→ **WHAT YOU WILL DO**:
Could you restate word for word only the lines below from the one holding "انگیزه شغلی چیست؟" to the one holding "철원군 서면 와수리 주차장", inclusive, and leave out the pictures?

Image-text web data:

--- START ---

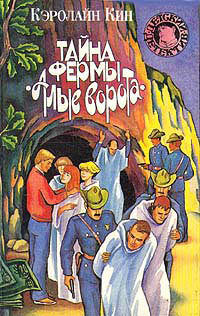 Тайна летнего домика - Кэролайн Кин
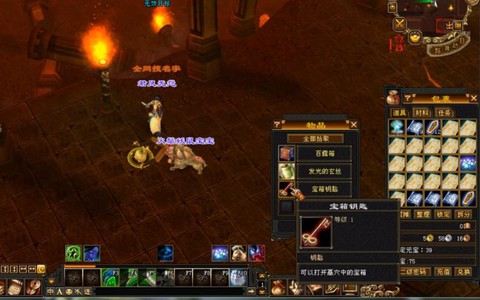 天龙八部挖图出什么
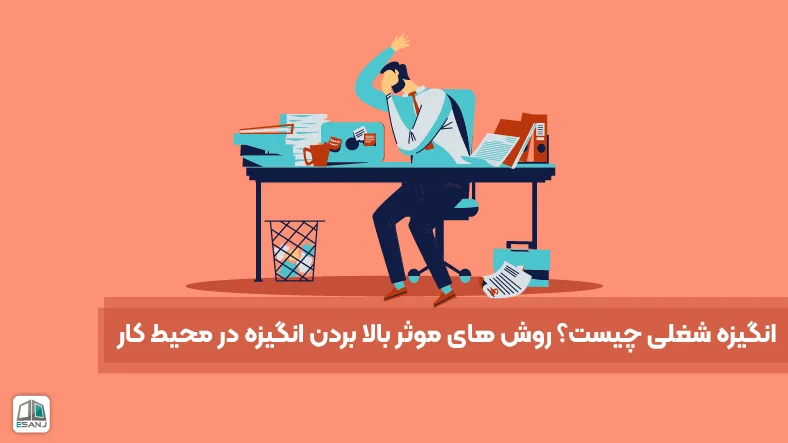 انگیزه شغلی چیست؟ روش‌های مؤثر بالا بردن انگیزه در محیط کار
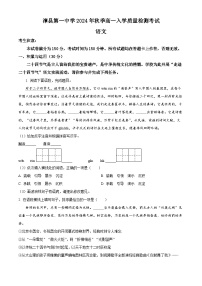 甘肃省定西市漳县第一中学2024-2025学年高一上学期入学质量检测语文试卷（原卷版）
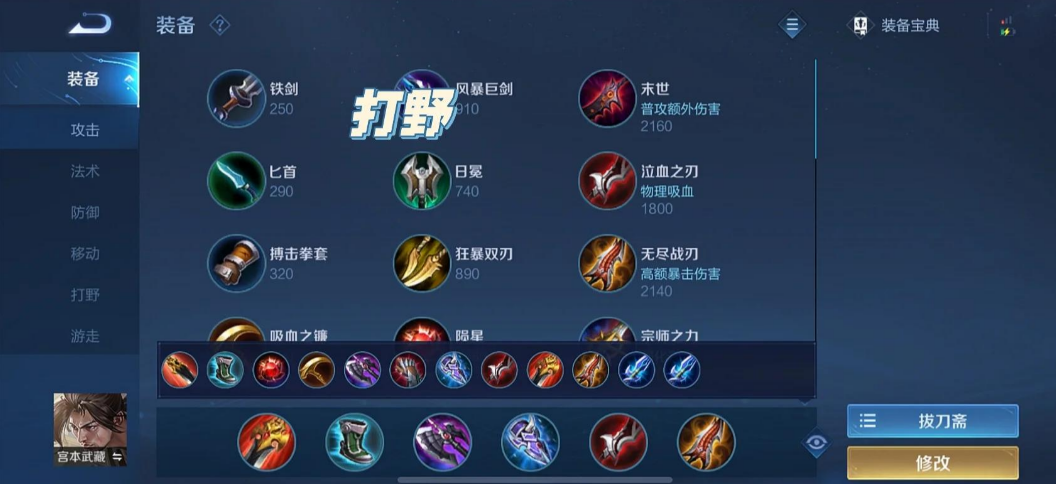 王者荣耀宫本出装是什么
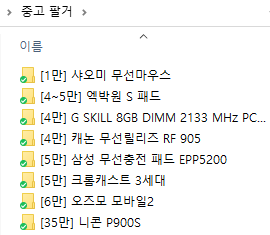 다나와보면서 지름신 온 것들 LIST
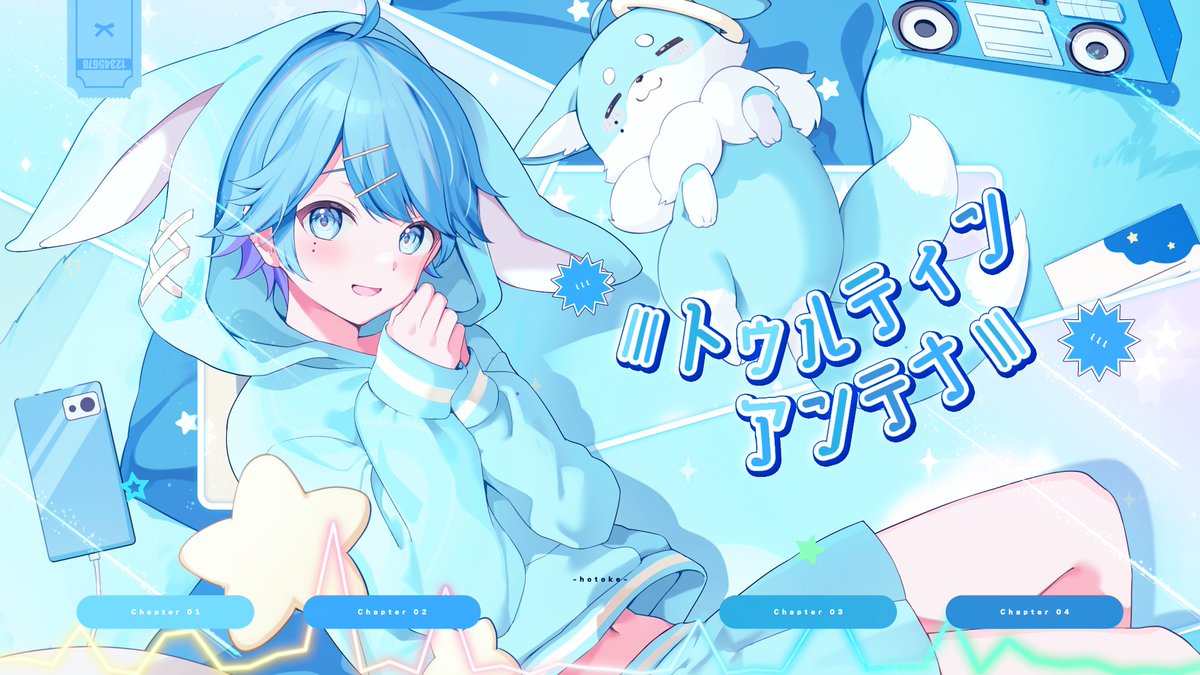 おはいむーーー！！💎 この後18:00！！！ ゆ－ちゅーぶにしゅーごー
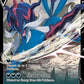 101/189 Samurott V ANGLAIS - Anglais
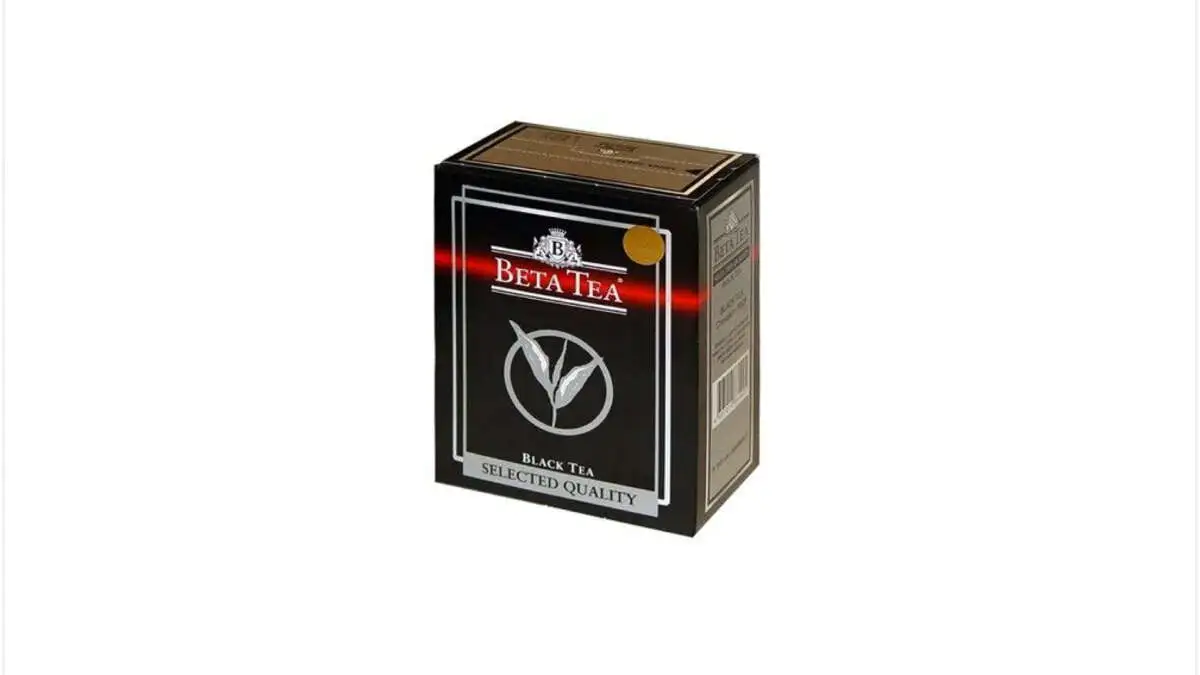CAY BETA 500GR SEL.QUALITY
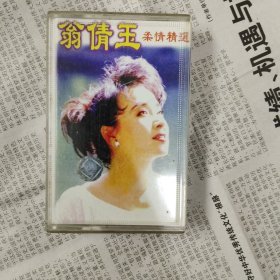 磁带 翁倩玉 柔情精选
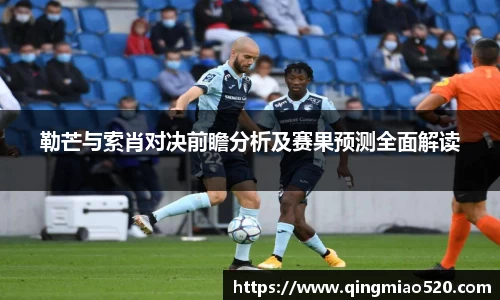 关键词2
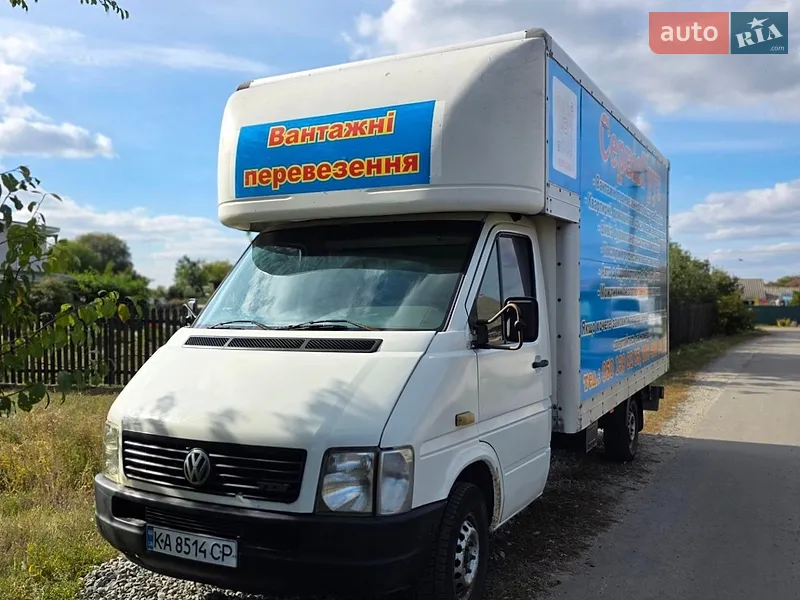 Volkswagen LT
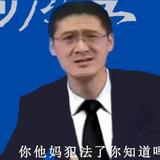 CXX头像
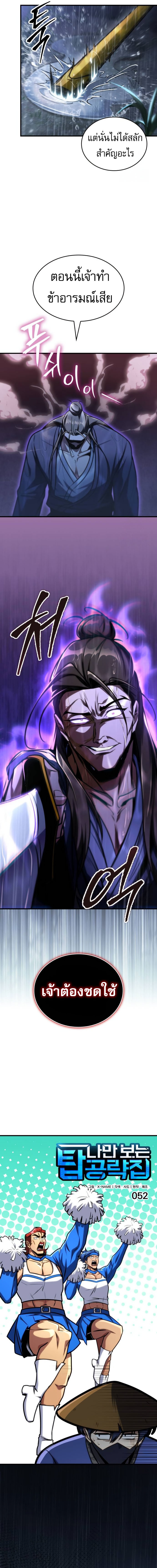 My Exclusive Tower Guide ตอนที่ 52 แปลไทย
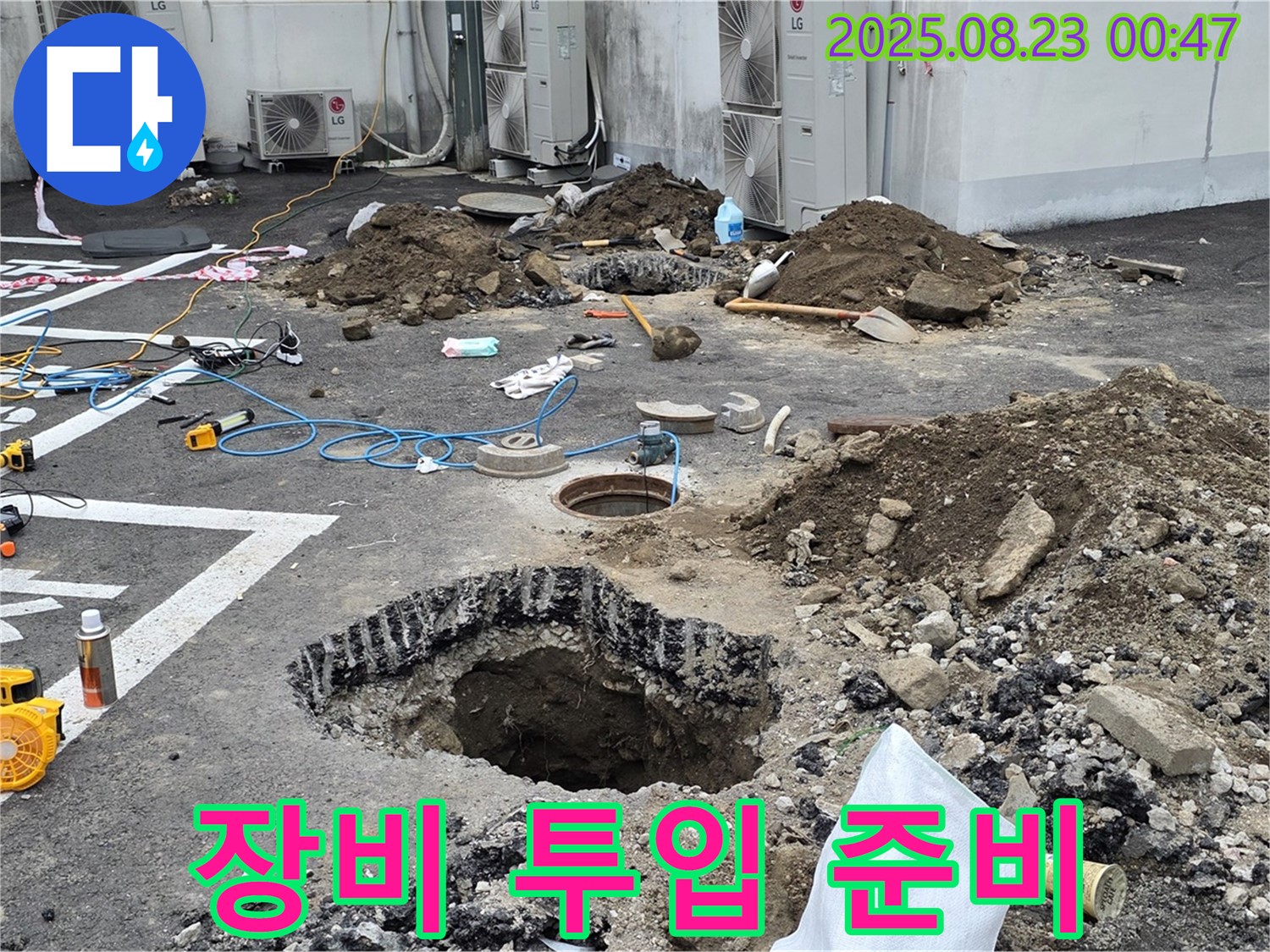 철원군 서면 와수리 주차장 누수 - 누수 탐지를 위한 장비 투입 준비가 완료되었습니다.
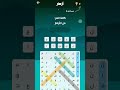 حل لعبة كلمة السر من الأزهار حل لعبة كلمة السر من الأزهار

--- END ---

→ **EXPECTED ANSWER**:
 انگیزه شغلی چیست؟ روش‌های مؤثر بالا بردن انگیزه در محیط کار
 甘肃省定西市漳县第一中学2024-2025学年高一上学期入学质量检测语文试卷（原卷版）
 王者荣耀宫本出装是什么
 다나와보면서 지름신 온 것들 LIST
 おはいむーーー！！💎 この後18:00！！！ ゆ－ちゅーぶにしゅーごー
 101/189 Samurott V ANGLAIS - Anglais
CAY BETA 500GR SEL.QUALITY
 磁带 翁倩玉 柔情精选
 关键词2
 Volkswagen LT
 CXX头像
 My Exclusive Tower Guide ตอนที่ 52 แปลไทย
 철원군 서면 와수리 주차장 누수 - 누수 탐지를 위한 장비 투입 준비가 완료되었습니다.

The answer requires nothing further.